>>

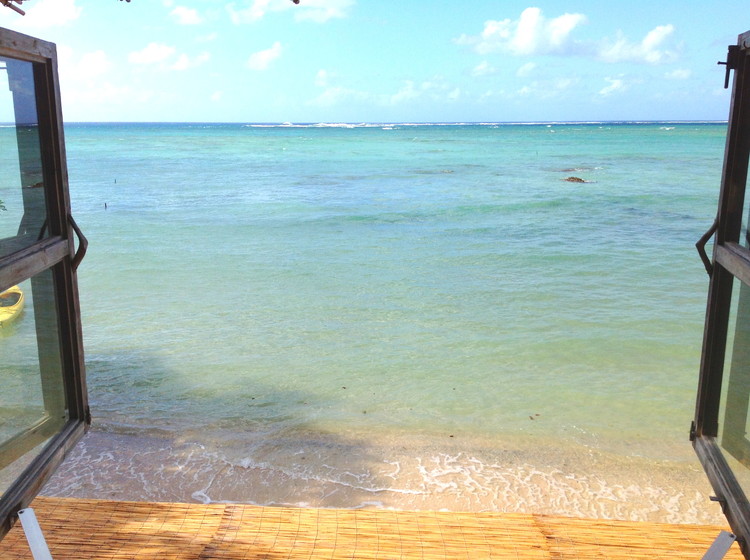 沖縄本島中部エリアでおすすめのランチスポット8選 - みちくさガイド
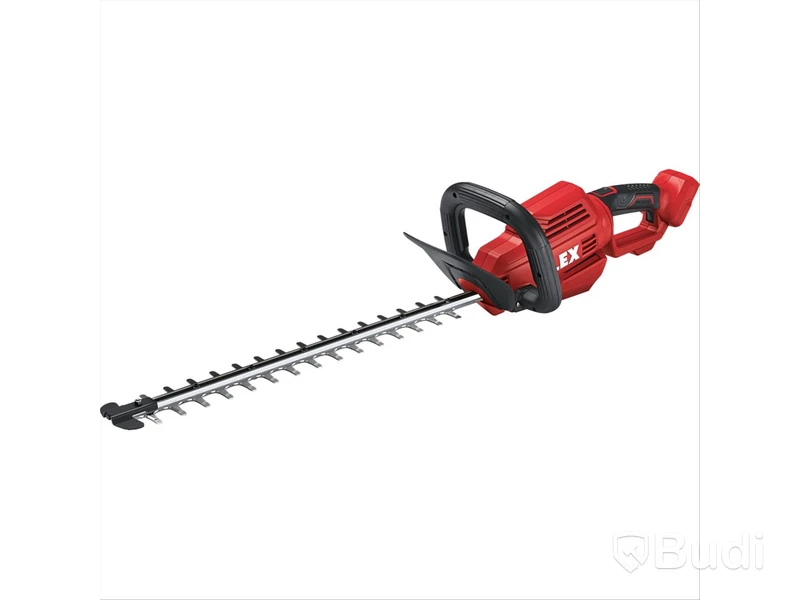 Häcksax Flex GHT 55 18-EC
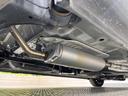 ベースグレード SDナビ バックカメラ 衝突被害軽減装置 レーダークルーズ 禁煙車 コーナーセンサー スマートキー LEDヘッド ETC オートハイビーム オートライト オートエアコン Bluetooth CD(23枚目)
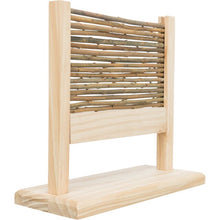 Load image into Gallery viewer, Agility Set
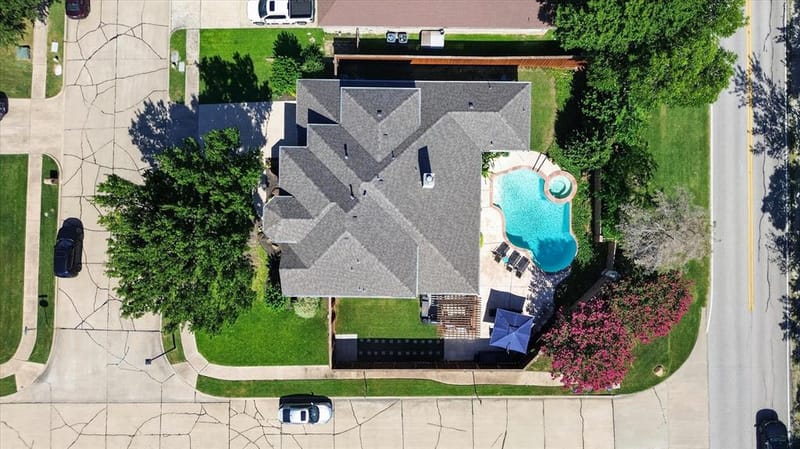 4302 Founders Drive, Rowlett TX 75089 - Photo 35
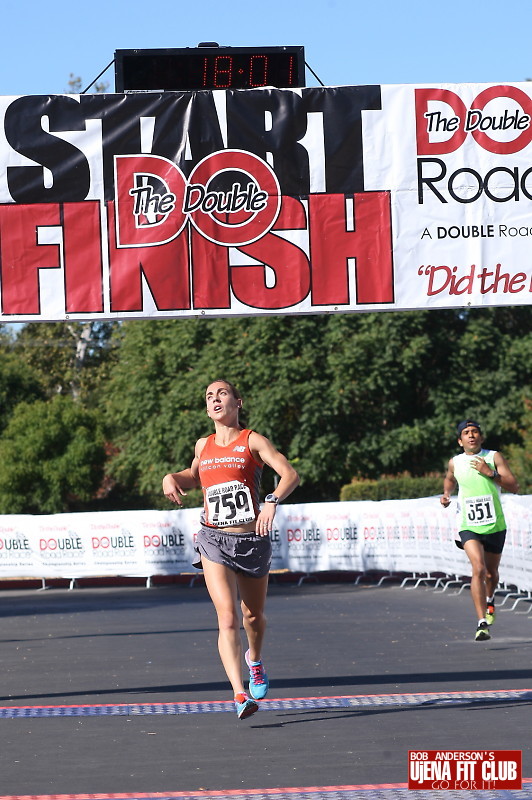 double_road_race_marin f 14637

<<

§ **Exercise objective**
Copy the material exactly as written and leave every picture behind.

§ **Answer to this task**
 沖縄本島中部エリアでおすすめのランチスポット8選 - みちくさガイド
 Häcksax Flex GHT 55 18-EC
 ベースグレード SDナビ バックカメラ 衝突被害軽減装置 レーダークルーズ 禁煙車 コーナーセンサー スマートキー LEDヘッド ETC オートハイビーム オートライト オートエアコン Bluetooth CD(23枚目)
 Load image into Gallery viewer, Agility Set
 4302 Founders Drive, Rowlett TX 75089 - Photo 35
 double_road_race_marin f 14637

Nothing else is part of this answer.